Mr Balloul retired from his position on 23 October 2020.
- Brigadier Ali Safetli – Commander of the 64th Helicopter Brigade and Commander of the Bley airport
In 2017, Mr Ali Safetli was the highest-ranking commander of the 64th Helicopter Brigade. He was responsible for the execution of combat operations and for all the equipment of his brigade.
He received his combat orders from the Air Force Commander himself and then, together with his Chief of Staff, assigned their missions to the squadron leaders and line pilots. The combat orders included: the type of mission and its location, the type of target, the ammunition and the aircraft used to carry out the mission.
Mr Ali Safetli was also the commander of Bley airport. As such, he was responsible for all the equipment at the airport (aircraft, pilots, technical officers, combat equipment and airport rotations).
Mr Safetli is currently the commander of a control center (the Southern Unified Center) at the rank of major general.
They are the subject of international arrest warrants for complicity in war crimes (intentionally
directing attacks against the civilian population and murder of a person protected by
international humanitarian law).
Why is this development important?
These international arrest warrants constitute a key milestone towards breaking the impunity for crimes committed by the Syrian regime. Indeed, it is the first time high Syrian army officials are indicted for war crimes arising from a military operation directed against civilians. Moreover, this case is emblematic of the use of barrel bombs and other “dirty weapons” by the Syrian regime, causing devastating damages to the population.
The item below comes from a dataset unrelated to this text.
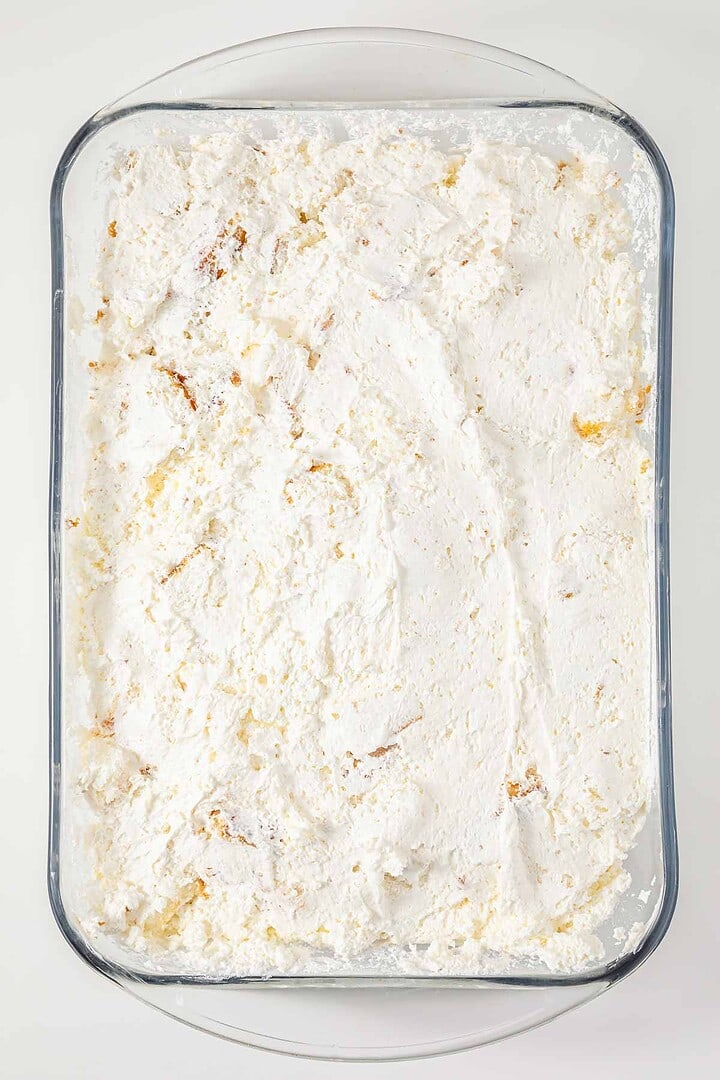 A glass dish filled with a layer of fluffy whipped cream spread evenly over a vintage Cherries in the Snow Dessert.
By targeting senior regime figures, and more particularly the very top of the regime hierarchy, it is made clear that perpetrators – whatever their level of seniority – cannot escape justice.
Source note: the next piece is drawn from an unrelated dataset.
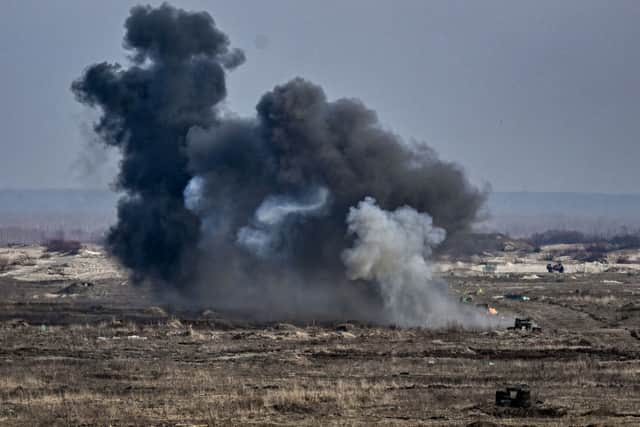 Ukrainian troops take part in a military drill outside the city of Rivne on February 16, 2022. (Photo by ARIS MESSINIS/AFP via Getty Images)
The French justice system has drawn attention to the responsibility of these four individuals and their role in war crimes perpetrated against the Syrian people. Without access to the ICC, transitional justice or a hybrid court, as things stand, this decision sends a strong signal that extraterritorial justice has an essential role to play in pursuing those responsible for the gravest crimes perpetrated against civilians in Syria since March 2011.
It also demonstrates that these investigations are possible and can lead to concrete results, thanks to the extensive documentation work undertaken by Syrian activists since 2011 and the immense courage of victims and witnesses who share their testimonies.
What are the implications of the international arrest warrants and what happens next?
All four suspects should no longer enjoy impunity for the crimes they have committed and their place in Syria’s future should be called into question.
The international arrest warrants will prevent the four suspects from travelling abroad freely. If they do, they could be arrested and extradited to French territory.
In terms of the criminal case in France, even if the international arrest warrants are not executed, the investigative judges could nevertheless consider closing the investigation and sending the case to trial. The suspects would have the right to be represented by a lawyer for the duration of the trial, even if they themselves are not physically present in court.